Some people were having problems getting all of the code installed and running properly. I think we're past the majority of those problems now. If you're still having trouble, please let me know so I can get it straightened out.
Some of the changes ended up being larger than I expected. Not because they were huge design changes, but because I had written the code badly and it needed refactoring. The underlying framework changed a lot while I was developing sintertest, and it shows in the code. Some parts of the design use the old way of doing things, and some parts use the new, and that makes the code rather brittle. Amazingly, it actually works.

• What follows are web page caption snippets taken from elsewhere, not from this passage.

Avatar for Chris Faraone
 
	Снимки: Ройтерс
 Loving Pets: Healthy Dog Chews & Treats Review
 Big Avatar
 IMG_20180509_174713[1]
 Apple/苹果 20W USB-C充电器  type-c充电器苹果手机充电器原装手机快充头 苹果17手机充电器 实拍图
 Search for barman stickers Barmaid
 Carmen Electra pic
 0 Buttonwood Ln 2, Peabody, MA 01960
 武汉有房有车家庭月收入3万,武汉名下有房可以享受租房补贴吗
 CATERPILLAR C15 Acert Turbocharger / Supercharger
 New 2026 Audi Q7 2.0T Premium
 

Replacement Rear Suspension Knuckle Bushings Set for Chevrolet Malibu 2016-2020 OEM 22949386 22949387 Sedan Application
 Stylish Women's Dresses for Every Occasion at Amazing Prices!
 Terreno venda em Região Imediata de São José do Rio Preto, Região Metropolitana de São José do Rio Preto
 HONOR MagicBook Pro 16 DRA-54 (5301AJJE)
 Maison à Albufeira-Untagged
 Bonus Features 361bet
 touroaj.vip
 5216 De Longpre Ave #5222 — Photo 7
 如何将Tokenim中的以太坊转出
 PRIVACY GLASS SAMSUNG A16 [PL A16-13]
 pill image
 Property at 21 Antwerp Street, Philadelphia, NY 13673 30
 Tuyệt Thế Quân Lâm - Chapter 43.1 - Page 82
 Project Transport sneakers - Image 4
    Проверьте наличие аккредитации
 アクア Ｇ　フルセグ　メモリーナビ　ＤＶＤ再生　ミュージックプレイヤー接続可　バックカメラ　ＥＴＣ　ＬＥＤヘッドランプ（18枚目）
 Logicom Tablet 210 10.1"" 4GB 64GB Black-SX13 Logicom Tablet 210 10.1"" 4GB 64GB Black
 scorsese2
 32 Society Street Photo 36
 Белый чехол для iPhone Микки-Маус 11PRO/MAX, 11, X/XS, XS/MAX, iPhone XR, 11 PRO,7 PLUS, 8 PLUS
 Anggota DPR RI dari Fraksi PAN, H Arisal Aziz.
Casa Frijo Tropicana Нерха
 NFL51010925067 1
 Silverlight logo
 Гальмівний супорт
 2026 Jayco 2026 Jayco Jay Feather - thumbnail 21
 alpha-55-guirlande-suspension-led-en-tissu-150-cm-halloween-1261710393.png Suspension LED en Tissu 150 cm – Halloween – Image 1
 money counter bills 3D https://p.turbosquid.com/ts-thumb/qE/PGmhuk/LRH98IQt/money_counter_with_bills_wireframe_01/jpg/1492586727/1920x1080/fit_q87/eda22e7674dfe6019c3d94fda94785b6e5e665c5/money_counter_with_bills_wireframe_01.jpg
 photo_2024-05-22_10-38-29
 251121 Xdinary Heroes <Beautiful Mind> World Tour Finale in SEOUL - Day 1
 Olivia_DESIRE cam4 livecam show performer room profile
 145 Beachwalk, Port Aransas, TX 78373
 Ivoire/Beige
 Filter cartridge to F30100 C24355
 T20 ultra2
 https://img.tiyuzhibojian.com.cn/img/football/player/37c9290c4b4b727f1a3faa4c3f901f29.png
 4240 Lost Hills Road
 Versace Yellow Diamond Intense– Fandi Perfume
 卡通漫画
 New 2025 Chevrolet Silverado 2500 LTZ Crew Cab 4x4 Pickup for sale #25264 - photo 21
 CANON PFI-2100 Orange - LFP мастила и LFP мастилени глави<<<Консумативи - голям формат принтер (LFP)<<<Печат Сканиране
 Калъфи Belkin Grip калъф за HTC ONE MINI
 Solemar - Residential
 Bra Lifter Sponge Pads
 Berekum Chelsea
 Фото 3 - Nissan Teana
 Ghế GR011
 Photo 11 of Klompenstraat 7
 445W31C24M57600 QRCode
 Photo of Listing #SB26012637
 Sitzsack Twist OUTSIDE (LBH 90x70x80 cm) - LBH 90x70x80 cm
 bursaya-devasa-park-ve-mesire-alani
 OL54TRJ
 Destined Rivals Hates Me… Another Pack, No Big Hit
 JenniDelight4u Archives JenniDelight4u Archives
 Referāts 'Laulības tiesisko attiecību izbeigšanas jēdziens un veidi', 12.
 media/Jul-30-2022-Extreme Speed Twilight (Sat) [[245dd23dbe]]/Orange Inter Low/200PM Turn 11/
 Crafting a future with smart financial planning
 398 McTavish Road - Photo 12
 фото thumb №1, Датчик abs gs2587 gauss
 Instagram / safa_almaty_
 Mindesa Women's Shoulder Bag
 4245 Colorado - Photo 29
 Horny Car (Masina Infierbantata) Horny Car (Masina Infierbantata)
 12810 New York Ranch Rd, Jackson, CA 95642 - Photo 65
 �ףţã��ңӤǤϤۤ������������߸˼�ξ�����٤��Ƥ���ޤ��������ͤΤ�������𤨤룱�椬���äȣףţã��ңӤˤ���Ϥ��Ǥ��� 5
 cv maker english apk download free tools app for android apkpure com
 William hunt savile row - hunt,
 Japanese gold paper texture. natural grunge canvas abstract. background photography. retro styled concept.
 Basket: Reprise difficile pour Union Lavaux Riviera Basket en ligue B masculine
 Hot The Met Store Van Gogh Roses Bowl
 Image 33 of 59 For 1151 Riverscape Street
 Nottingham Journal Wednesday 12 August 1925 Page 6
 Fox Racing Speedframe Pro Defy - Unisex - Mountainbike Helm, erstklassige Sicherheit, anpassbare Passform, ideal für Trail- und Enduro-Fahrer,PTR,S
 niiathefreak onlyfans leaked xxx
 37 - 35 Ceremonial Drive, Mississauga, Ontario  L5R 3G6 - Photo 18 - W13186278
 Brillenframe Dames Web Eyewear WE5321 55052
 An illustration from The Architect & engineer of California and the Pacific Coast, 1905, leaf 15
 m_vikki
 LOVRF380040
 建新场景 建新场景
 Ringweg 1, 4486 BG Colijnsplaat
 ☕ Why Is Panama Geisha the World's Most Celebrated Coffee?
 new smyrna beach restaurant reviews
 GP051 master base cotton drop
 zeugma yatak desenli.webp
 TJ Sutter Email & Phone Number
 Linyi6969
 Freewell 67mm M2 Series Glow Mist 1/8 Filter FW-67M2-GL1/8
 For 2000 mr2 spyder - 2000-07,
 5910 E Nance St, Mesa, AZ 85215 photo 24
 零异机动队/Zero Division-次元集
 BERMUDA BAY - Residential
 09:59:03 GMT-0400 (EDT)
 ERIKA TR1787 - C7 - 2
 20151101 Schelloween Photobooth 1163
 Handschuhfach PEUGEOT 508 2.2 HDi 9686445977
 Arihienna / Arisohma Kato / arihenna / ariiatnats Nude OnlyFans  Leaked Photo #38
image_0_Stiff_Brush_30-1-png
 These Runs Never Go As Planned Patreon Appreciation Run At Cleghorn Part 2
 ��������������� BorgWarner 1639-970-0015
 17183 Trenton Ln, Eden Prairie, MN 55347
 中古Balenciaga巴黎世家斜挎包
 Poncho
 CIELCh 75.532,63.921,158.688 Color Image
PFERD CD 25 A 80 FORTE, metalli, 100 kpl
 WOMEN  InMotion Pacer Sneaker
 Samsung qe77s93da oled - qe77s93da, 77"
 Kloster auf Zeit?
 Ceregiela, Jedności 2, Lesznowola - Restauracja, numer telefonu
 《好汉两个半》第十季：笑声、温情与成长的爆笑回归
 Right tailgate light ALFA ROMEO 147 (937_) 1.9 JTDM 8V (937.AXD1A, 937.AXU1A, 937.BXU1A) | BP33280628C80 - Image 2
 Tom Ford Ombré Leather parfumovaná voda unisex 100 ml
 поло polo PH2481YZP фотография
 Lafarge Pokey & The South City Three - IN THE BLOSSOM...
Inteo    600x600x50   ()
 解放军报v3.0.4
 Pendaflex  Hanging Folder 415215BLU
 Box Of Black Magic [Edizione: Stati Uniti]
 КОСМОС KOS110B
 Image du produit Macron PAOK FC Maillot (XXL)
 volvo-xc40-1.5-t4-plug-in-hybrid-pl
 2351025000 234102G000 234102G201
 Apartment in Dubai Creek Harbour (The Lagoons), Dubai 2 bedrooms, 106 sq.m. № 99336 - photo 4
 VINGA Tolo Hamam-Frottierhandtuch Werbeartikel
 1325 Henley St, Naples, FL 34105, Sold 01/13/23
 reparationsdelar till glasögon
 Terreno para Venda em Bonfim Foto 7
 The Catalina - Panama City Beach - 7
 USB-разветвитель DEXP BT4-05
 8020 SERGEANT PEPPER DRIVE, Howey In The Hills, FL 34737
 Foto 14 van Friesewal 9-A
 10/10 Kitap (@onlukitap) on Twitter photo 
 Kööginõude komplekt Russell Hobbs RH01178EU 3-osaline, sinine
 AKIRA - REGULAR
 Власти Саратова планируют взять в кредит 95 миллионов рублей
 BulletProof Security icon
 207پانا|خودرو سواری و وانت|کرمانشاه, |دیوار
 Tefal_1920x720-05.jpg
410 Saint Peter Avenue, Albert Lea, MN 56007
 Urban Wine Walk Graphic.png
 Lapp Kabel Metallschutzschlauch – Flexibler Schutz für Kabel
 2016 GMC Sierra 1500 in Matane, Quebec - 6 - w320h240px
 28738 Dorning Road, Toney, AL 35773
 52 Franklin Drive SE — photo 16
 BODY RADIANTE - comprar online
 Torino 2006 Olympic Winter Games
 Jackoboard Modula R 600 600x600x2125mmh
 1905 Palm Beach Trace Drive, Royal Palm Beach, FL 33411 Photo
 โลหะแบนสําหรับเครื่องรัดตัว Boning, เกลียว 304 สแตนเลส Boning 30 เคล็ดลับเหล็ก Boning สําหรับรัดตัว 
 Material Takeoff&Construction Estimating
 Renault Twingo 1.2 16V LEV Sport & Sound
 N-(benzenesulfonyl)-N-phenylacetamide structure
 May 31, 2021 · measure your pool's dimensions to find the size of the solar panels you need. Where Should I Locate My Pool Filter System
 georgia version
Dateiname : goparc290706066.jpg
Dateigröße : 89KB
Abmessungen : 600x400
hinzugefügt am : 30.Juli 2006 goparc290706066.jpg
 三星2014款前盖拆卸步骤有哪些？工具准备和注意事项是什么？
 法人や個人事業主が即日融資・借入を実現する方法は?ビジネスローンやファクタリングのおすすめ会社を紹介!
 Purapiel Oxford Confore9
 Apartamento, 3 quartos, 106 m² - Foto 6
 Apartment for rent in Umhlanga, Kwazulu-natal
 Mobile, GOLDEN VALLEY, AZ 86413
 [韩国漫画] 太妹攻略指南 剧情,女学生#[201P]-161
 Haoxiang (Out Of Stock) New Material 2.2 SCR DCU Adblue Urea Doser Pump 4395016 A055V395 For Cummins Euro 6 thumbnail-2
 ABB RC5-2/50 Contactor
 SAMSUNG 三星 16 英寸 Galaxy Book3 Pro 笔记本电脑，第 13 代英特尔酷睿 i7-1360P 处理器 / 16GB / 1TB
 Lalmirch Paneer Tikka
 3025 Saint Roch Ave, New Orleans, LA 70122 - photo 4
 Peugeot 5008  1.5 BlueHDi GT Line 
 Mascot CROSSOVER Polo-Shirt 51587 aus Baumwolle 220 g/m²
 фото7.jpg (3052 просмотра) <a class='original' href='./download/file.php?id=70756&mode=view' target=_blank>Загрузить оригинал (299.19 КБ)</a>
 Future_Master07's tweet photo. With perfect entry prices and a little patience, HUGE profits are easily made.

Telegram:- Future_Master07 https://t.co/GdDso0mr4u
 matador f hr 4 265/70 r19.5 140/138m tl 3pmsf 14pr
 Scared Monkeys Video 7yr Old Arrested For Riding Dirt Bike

So Hack A Day featured this project last night (thanks!) and this morning I woke up to more email than I've ever seen before. I'm slowly getting out from under it. If I haven't replied yet, don't take it personally. How is it noon already?
At long last, I've finally posted the source code for Ester. This isn't actually the repository that I've been developing in. That one was called 'sintertest', and as you might expect, was only supposed to be a quick test. As with most such 'quick' projects, it grew. And grew, and grew, until it turned into an unwieldy mess. I wanted to give Ester a fresh start, so I created a new project and copied over the files from the latest prototype. I also wanted to take the time to write up some proper instructions for getting a development environment set up. That turned out to be harder than expected.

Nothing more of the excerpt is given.